The question really isn’t if, but when we’ll see the Michael Milken of ICOs. Milken was indicted for a series of violations that might look familiar — failure to disclose commission schemes, tax evasion, and insider trading. He was sentenced to ten years in jail despite working regularly, by many accounts, with compliance staff at Drexel Burnham Lambert. Many believe he was a victim of the SEC wanting to make a point to an overheated market.
ICO Compliance In The Future
Eventually it seems possible the market may be constrained to an era where ICOs are traded on registered exchanges exclusive to accredited investors. CoinList-like exchanges for Know Your Customer (KYC) compliance are well-placed for this.
For those hoping that consumers will someday directly access these equity returns, the SEC’s core mandate of controlling information to the benefit of retail investors will likely make that project impossible. Startups would have to become markedly more sophisticated about releasing information, board members would have their hands tied in communication, and cost for compliance would be prohibitive without substantial modification of SEC regulations.
Once the market calms down and the SEC begins approving them, ETFs will likely be able to act as an ICO vehicle for the public (as they currently do with venture). Overall this doesn’t really strike me as revolutionary so much as incremental.
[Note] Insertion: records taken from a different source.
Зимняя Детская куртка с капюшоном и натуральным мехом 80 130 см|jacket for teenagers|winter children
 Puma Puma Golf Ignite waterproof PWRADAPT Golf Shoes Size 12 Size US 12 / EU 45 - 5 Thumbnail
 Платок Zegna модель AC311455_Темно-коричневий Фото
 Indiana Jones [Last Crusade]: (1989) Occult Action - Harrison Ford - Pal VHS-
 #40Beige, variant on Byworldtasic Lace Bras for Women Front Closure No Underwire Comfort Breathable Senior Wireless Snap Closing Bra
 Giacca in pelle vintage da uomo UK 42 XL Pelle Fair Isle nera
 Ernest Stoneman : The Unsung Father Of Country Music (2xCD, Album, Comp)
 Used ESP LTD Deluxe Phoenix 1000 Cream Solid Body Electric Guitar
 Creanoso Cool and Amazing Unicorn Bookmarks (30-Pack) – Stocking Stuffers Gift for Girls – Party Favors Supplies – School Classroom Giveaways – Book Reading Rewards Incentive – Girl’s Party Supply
The most interesting change is the potential reduction of barriers for long-term private investment to gain liquidity after shorter holding periods, or potentially to become underwriting capital altogether.
ICOs could allow angel investors to get liquidity within reasonable timelines (rather than 10–12 years), enabling larger bets and for a wider range of entities to access early stage equity returns directly without complex, lengthy, expensive transactions. A more robust market could help address the challenges of capital-intensive startups, as we’ve seen with some ICO megaraises, allowing for more innovative companies.
Certain venture firms might even become more similar to investment banks, performing underwriting functions for much earlier stage companies entering the token markets.
What seems likely, at least, is that ICO proponents are going to have to limit themselves to innovating within the pool of accredited investors. Once the SEC files its first insider trading suit against a venture firm, the willingness of large investors to finance securities risk will dry up.